Koster Armatörleri ve İşletmecileri Derneği (KOSDER), dernek üyeleri ile sektörden birçok temsilcinin katıldığı bir kahvaltı düzenledi. Büyük Kulüp’te verilen kahvaltının ardından alanında uzman isimlerin konuşmacı olduğu “Yeni Yılda Küresel Ekonomi ve Denizcilik Piyasaları” başlıklı panel gerçekleşti.
Moderatörlüğünü KOSDER Yönetim Kurulu Başkan Yardımcısı Yusuf Yalçın Çapoğlu’nun yaptığı panelde Bilgi Üniversitesi Ekonomi Bölümü Öğretim Üyesi Prof.
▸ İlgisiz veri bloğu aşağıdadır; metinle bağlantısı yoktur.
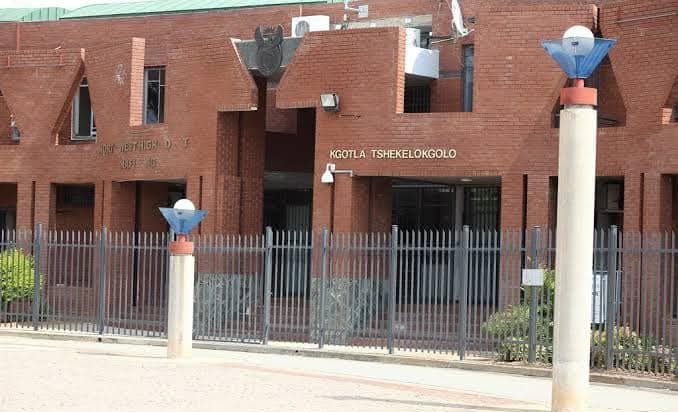 Appeal lapses automatically after attorneys fail to file record and secure hearing date on time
Dr. Erhan Arslanoğlu, Navis Danışmanlık Koordinatörü Engin Koçak, Dokuz Eylül Üniversitesi Öğretim Üyesi Dr. Mehmet Doymuş ve Dünya Bankası Kıdemli Taşımacılık Uzmanı Andrew Losos konuşmacı olarak yer aldı.
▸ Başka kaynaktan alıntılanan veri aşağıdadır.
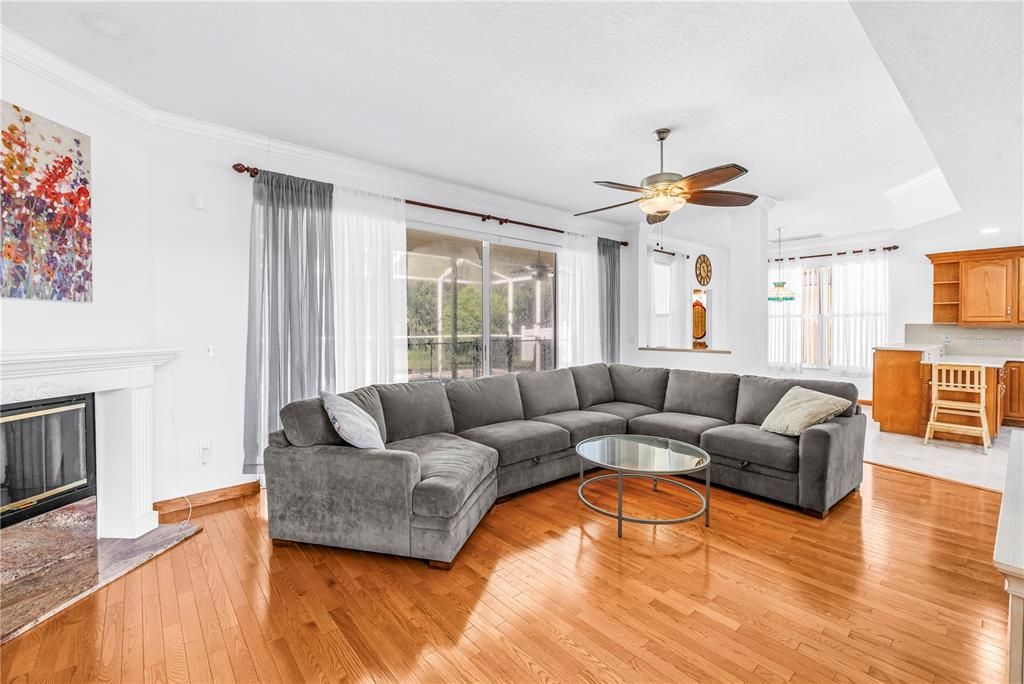 For Sale: $750,000 (5 beds, 4 baths, 3616 Square Feet)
KOSDER Başkanı Hakan Çendik panel öncesi yaptığı konuşmada, KOSDER’in geleneksel hale gelen ‘kahvaltılı sohbet toplantısı’nın bu yıl 3’üncüsünü düzenlediklerini belirterek katılanlara teşekkürlerini iletti.
Çendik, konuşmasında “Tüm dünyada olduğu gibi sektörümüz için de pek iyi şeyler konuşamayacağımız bir yılı geride bıraktık. Ticareti reel bir bakışla ele almak bizler için önemli bir argüman olsa da, 2024’ün tüm olumsuz matematiksel verilerine rağmen ümitvar olmanın da çok önemli bir sermaye olduğu kanaatindeyim” dedi.
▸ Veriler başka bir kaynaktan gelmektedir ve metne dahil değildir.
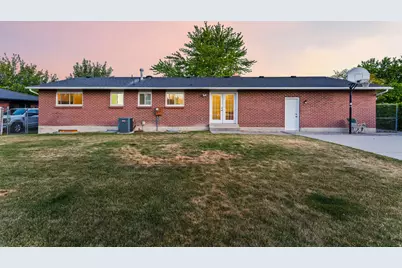 2478 W Long Meadow Dr S, Taylorsville, UT 84129 - Photo 35
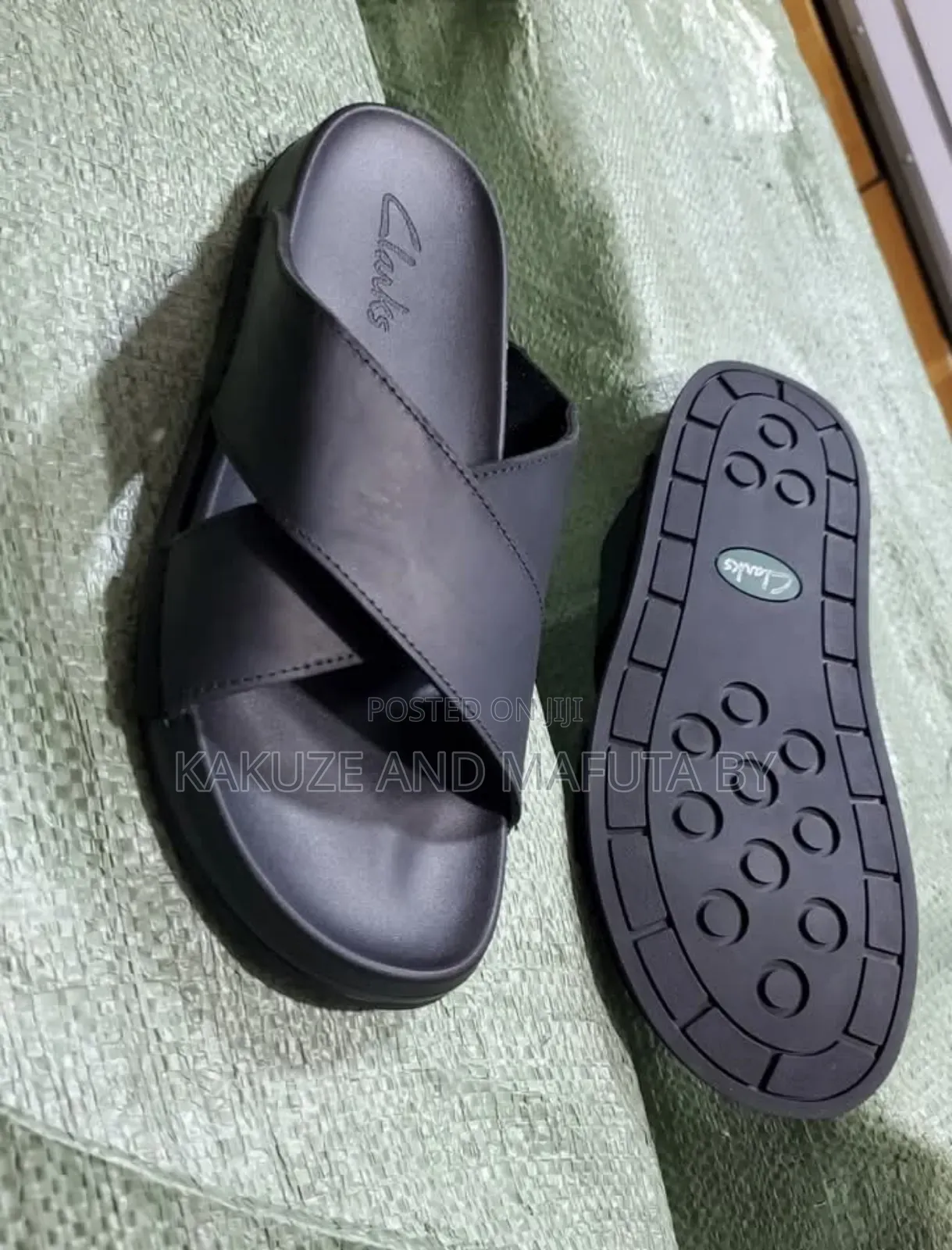 Clarks Ecco Casual Authentic Premium Leather Sandals Black.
"Türk denizciliğinin tüm paydaşları için desteğe hazırız"
Geçtiğimiz yıl gerçekleştirdikleri etkinlik ve çalışmalara da değinen Çendik şöyle konuştu:
“Karbon salınımı konusunda denizciliğin uluslararası kuruluşlarının ciddi düzenlemelerine karşın yaptığımız eğitim, söyleşi ve panellerin yanı sıra, bu ve benzeri konularda gerçekleştirdiğimiz ortak satın alma çalışmalarıyla da üyelerimizin sırtındaki yükü hafifletmeye gayret gösteriyoruz.
Derneğimizin KOSDER Akademi çatısı altında düzenlediği panel, eğitim ve söyleşiler Türk denizciliğinin tamamına olduğu gibi sektörümüzün geleceği olan denizci öğrencilerimize de ışık tutmaya devam ediyor.
Cumhuriyetimizin 100. yılı çerçevesinde çalışmasına başladığımız proje kapsamında diğer etkinliklerimizden de elde ettiğimiz kaynaklarımızı da kullanarak şu ana kadar ihtiyaç sahibi 127 denizci öğrencimize burslarını teslim ettik. Ayrıca denizcilik eğitim kurumlarından gelen talepler doğrultusunda eğitim ve öğretim faaliyetlerinde değerlendirilmek üzere bazı araç ve gereç ihtiyaçlarının temini konusunda çalışmalarımız da devam ediyor.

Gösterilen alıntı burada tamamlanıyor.